The subpoenas also call former White House Counsel Harriet Miers and former political director Sara Taylor, who reported to Rove, to testify before House and Senate committees next month. Rove and other current aides involved in the controversy were not subpoenaed in this initial round.
Previously, the Justice Department has turned over thousands of pages of records and made department officials available for testimony. But the White House, through Counsel Fred Fielding, has declined to give up internal documents or allow aides to testify in public or to be interviewed in private with a transcript.
Congress has rejected the White House's counteroffer to make some documents available if taken as part of a deal in which aides would talk privately with lawmakers with no official record of their statements.
The White House said Wednesday it was reviewing the subpoenas, but showed no inclination to comply. Spokesman Tony Fratto accused Senate Judiciary Chairman Patrick Leahy, D-Vt., and House Judiciary Chairman John Conyers, D-Mich., of being "more interested in media drama than facts." Fratto said: "The committees can easily obtain the facts they want without this confrontational approach by simply accepting our offer for documents and interviews."
Miers and Taylor did not return calls seeking comment.
Leahy issued a statement saying that the White House "cannot have it both ways. It cannot stonewall congressional investigations by refusing to provide documents and witnesses, while claiming nothing improper occurred."
Conyers said the investigation "will not end until the White House complies with the demands of this subpoena."
Legal scholars disagree on whether the White House would prevail.
Douglas Kmiec, a constitutional law professor at Pepperdine University and former Reagan Justice Department official, said such confrontations typically are resolved before they get to court, either when the president offers some compromise or Congress backs down.
Although President Nixon was compelled to turn over tapes in the Watergate scandal, Kmiec said, "there was an ongoing criminal prosecution in Watergate."
In contrast, he said, "Here, we not only don't have the criminal prosecution ongoing, we don't have a crime. There have been lots of allegations that the U.S. attorneys were removed because they were involved in sensitive prosecutions, but those have remained entirely at the allegation level."

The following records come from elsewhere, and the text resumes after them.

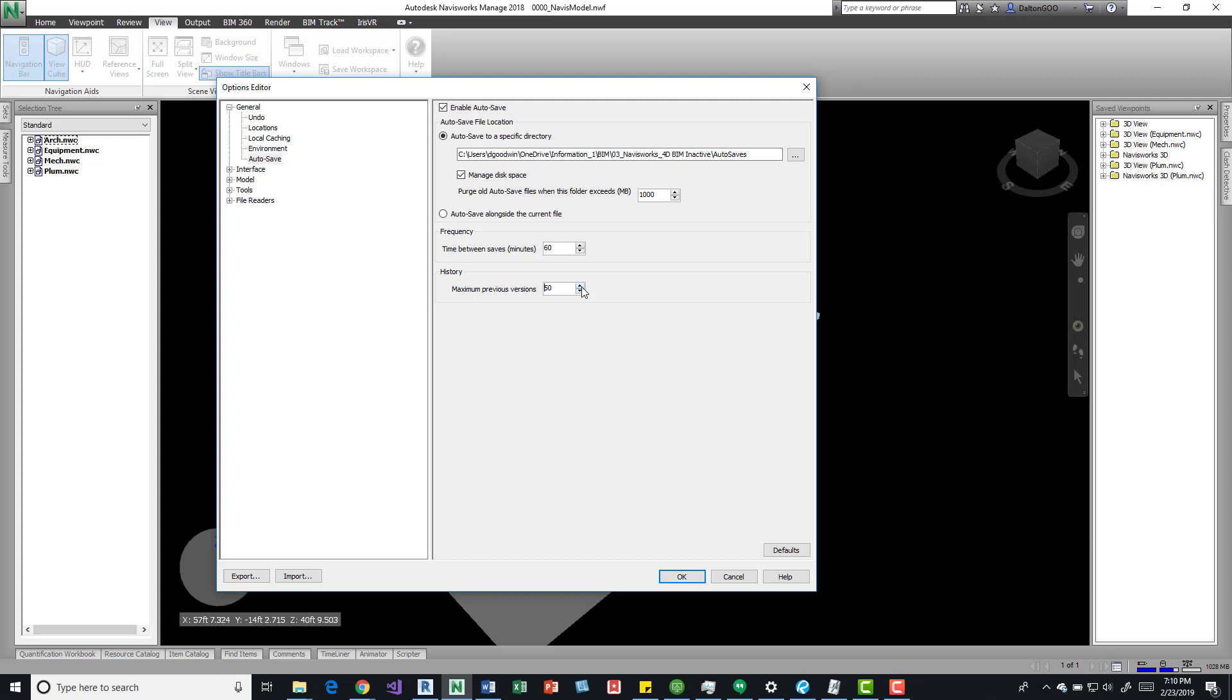So play around, kind of see what works best for you. But this is the overall on how to use autosave and how to set it up. So I hope it helps. Please like, share, comment, subscribe if you haven't. I really appreciate it. Thanks.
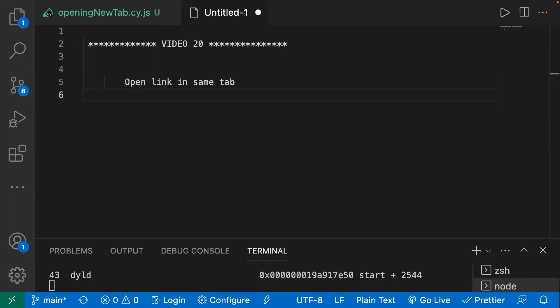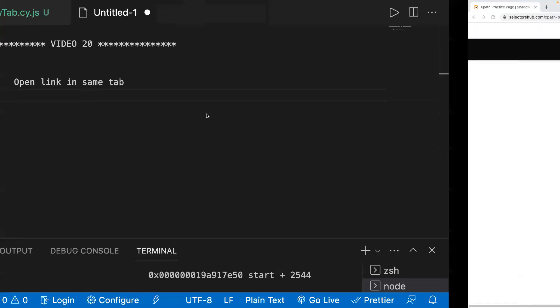Hello everyone, welcome back to the Cypress series. In today's video we will learn how we can handle opening of a link in the same tab. Let's say you're working on an application where the link opens in a new tab. We know Cypress runs inside the browser, which is why it does not support multiple browser tabs. So how can we handle this scenario? We can manipulate our HTML so that our link opens in the same tab.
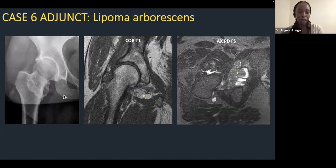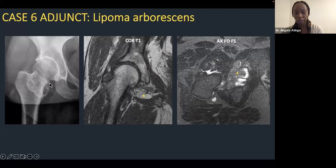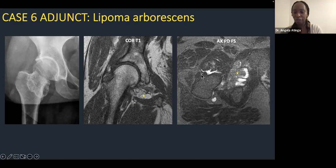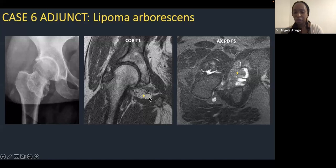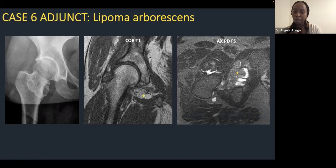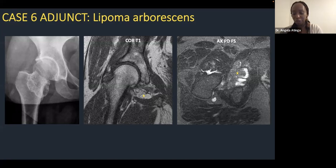Lipoma arborescens was a common choice here. This case presented with what appeared to be chondromatosis — mineralization projected over the femoral neck on X-ray. But on MRI this corresponded to one very large singular intra-articular body at the anterior aspect of the hip, possibly from childhood trauma, causing chronic synovial irritation. The result was fatty hypertrophy of the synovium: on T1 images the synovial hypertrophy is T1 bright, with saturation on PD fat-sat sequences. Lipoma arborescens is rare in the hip, much more common in the knee, and often occurs with chronic synovial irritation or pathology producing fatty hypertrophy.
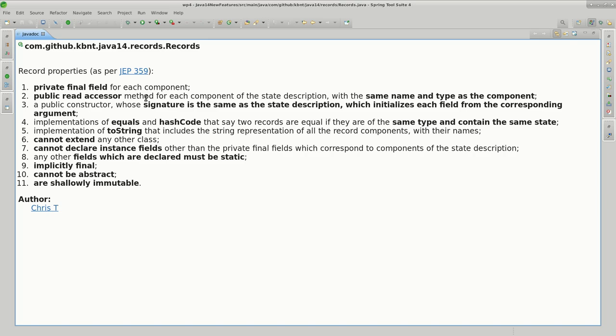By the way, records are not supposed to replace Java beans - it's not within their goal. The compiler also generates a constructor that we can leverage for populating these fields, and it has the same look as the state description.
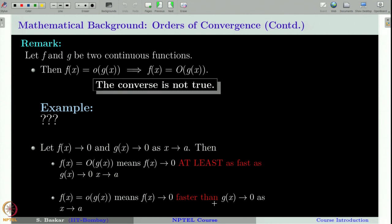These notations are very important in numerical analysis. In particular, we are interested in sequences or functions tending to 0 because we study errors for various methods and we want our errors to go to 0. Our interest is to see how fast this error goes to 0 as some parameter tends to something, and these notations are very convenient for expressing that.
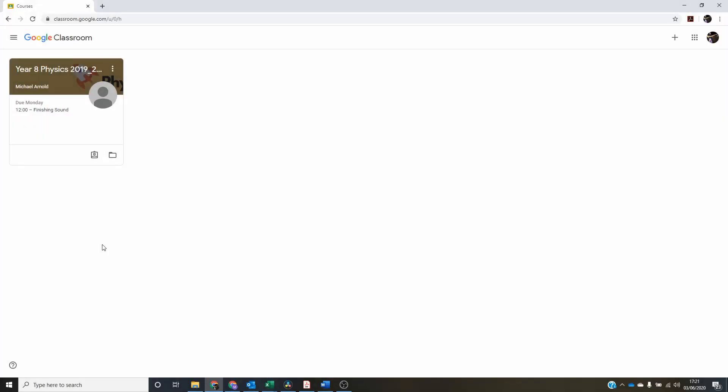This is how to view comments that a teacher may have left you in your work in Google Classroom. We'll have a look at how to do that on a computer, on an iPad and on a phone. There's a slightly different method for each way.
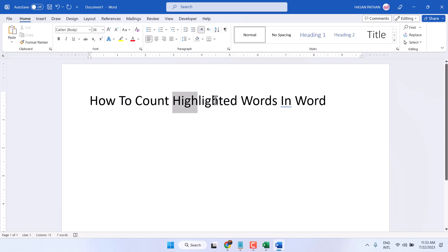In this video, I will show you how to count highlighted words in Microsoft Word.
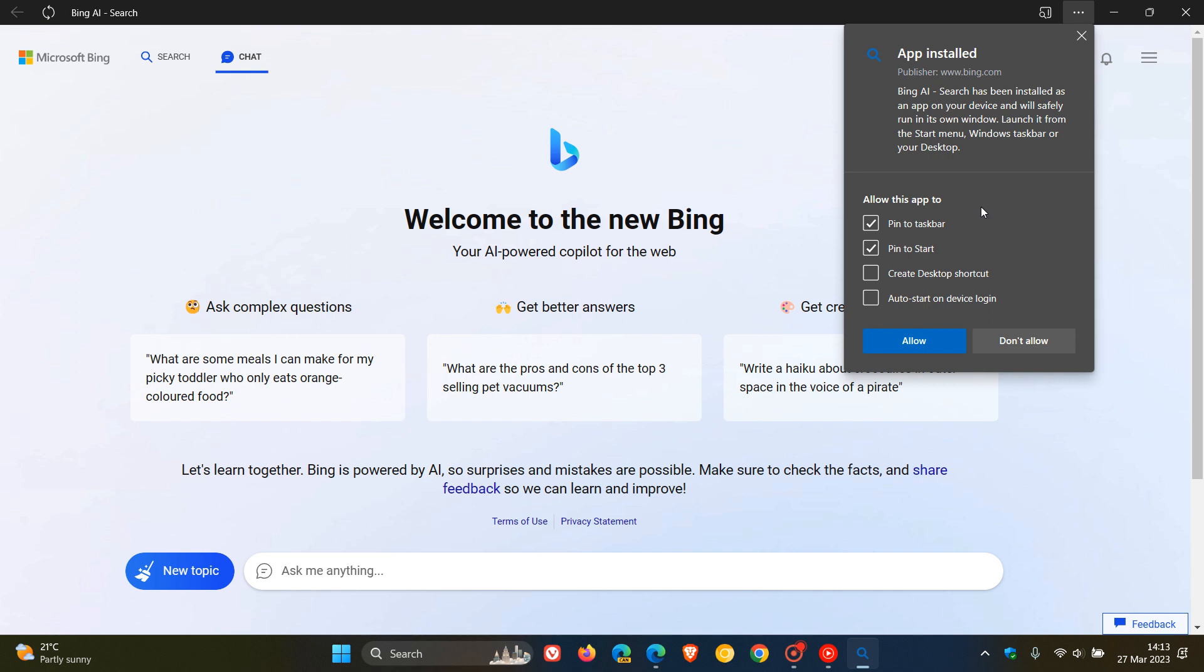Allow this app to pin to taskbar, start, create a desktop shortcut, and you can also auto start on device login, which may be handy if you find yourself wanting to access the new Bing as soon as you start up your Windows operating system.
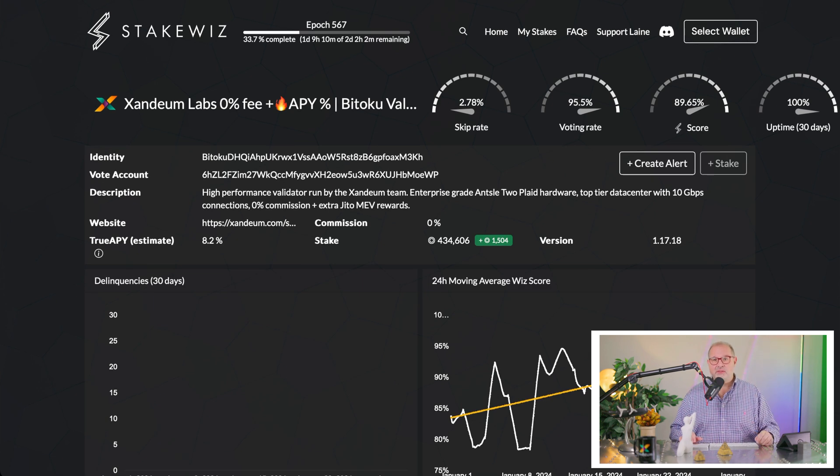Our own validator, the Zandium validator, is one of the best out there. It gives you 8.2%, but on top of that you earn those extra MEV rewards.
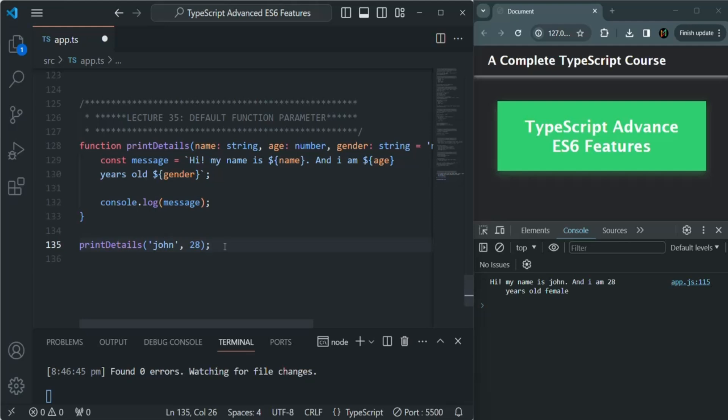In the coming lectures, if I feel there is a need to explain some feature from JavaScript, I will surely explain it. But I am not going to cover each and every JavaScript topic in this TypeScript course — that is out of scope. From the next section, let's go ahead and start learning about the object-oriented features of TypeScript.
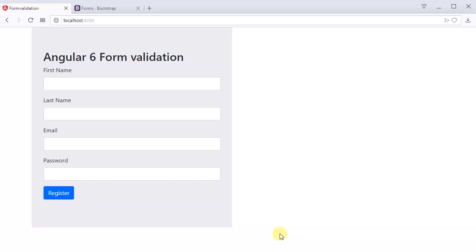Hi friends, my name is Ashok and in this video we can see how to work and how to validate forms in Angular 6 using the template-driven forms.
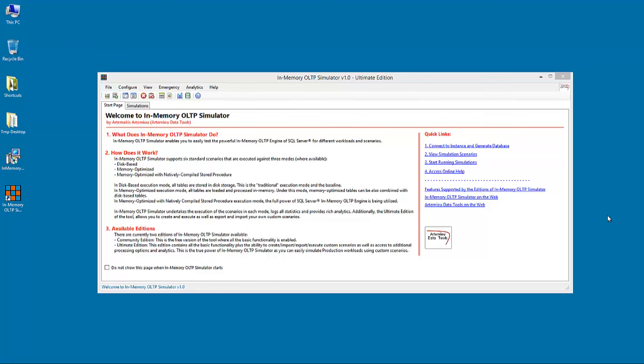These are the disk-based mode, the memory-optimized mode, and the memory-optimized with natively compiled stored procedure mode. In the disk-based execution mode, all tables are stored in disk storage.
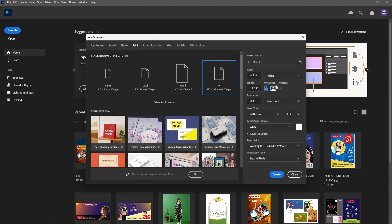The Artboard option is there — we will check artboards later. For resolution, the default is 300 because we selected A4 for print. You can change it if needed. You can choose pixels per inch or pixels per centimeter. Pixels, as explained in the previous lesson, are tiny dots that compose an image.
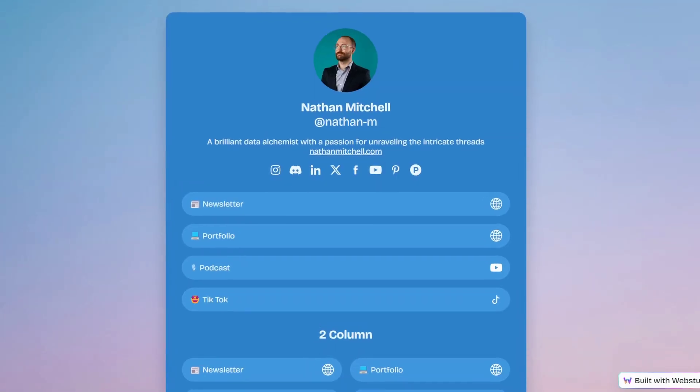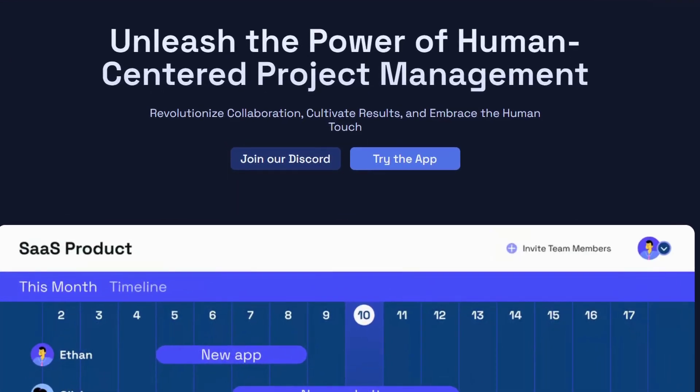This is really just the beginning of what we have planned for templates. As part of this first launch, we're introducing four new core website templates: marketing, link in bio, SaaS, and a portfolio.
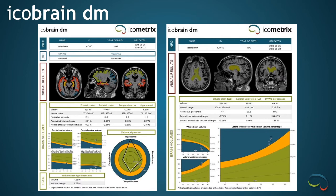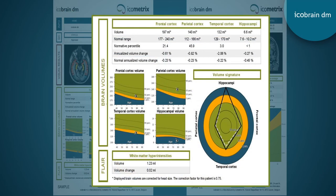Let's look at the IcoBrain dementia report. The pertinent anatomic landmarks for dementia quantified in this report are the frontal cortex, parietal cortex, temporal cortex, and hippocampi. The volume of these structures are listed, as well as the normal range and normative percentile. They also give us the annualized volume change and the normal annualized volume change expected for an age-matched healthy control. Below, we have plot graphs for visual demonstration. Anything in the blue zone is less than 1%. We're also provided the FLAIR hyperintense white matter volume. The volume signature gives us a bullseye graph — a nice visual representation of these findings. The outer blue zone is the one percentile, and the quadrilateral shape in the middle points towards any areas of statistical significance. The black shape is the current study, and the white dotted line is the prior study.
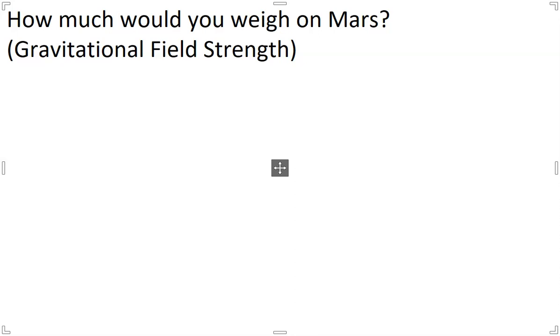Hi everybody, it's Mr. Hamilton here. Today we're going to look at how much you would weigh on Mars. Specifically, we're going to look at it through the lens of gravitational field strength.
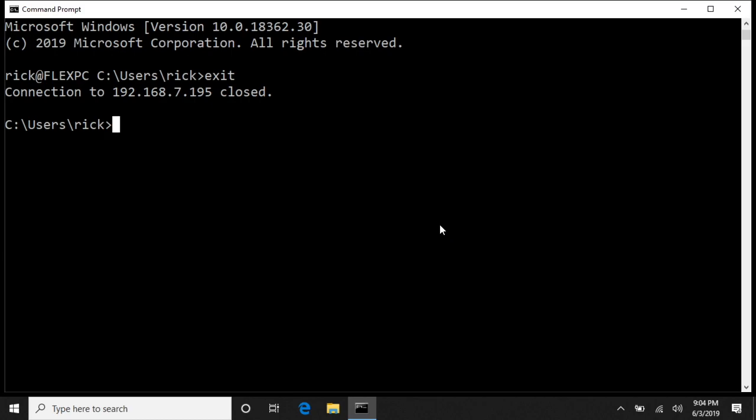So that's the basics of setting up the Windows 10 native OpenSSH server. If you have any questions, please leave them in the comments. If you like this video, please click like. If you haven't subscribed to my channel, I would appreciate if you could do that. And thanks for watching. Until next time, goodbye.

But Laurie Levenson, a Loyola University law school professor and former federal prosecutor, said, "I don't think it's a slam-dunk for the White House. The committees have never actually been able to find out who put the names on the firing lists. So there's at least a good faith ground for issuing these subpoenas."
Meanwhile, the Senate Judiciary Committee planned to meet Thursday to consider more subpoenas, this time for Justice Department documents setting out the legal justification for the administration's warrant-less domestic eavesdropping program.
Leahy and the panel's senior Republican, Arlen Specter of Pennsylvania, have been demanding that Attorney General Alberto Gonzales turn over documents justifying the program in which the National Security Agency, without court approval, monitored overseas phone calls and emails of Americans suspected of belonging to terrorist groups.
Gonzales has refused to respond since mid-May.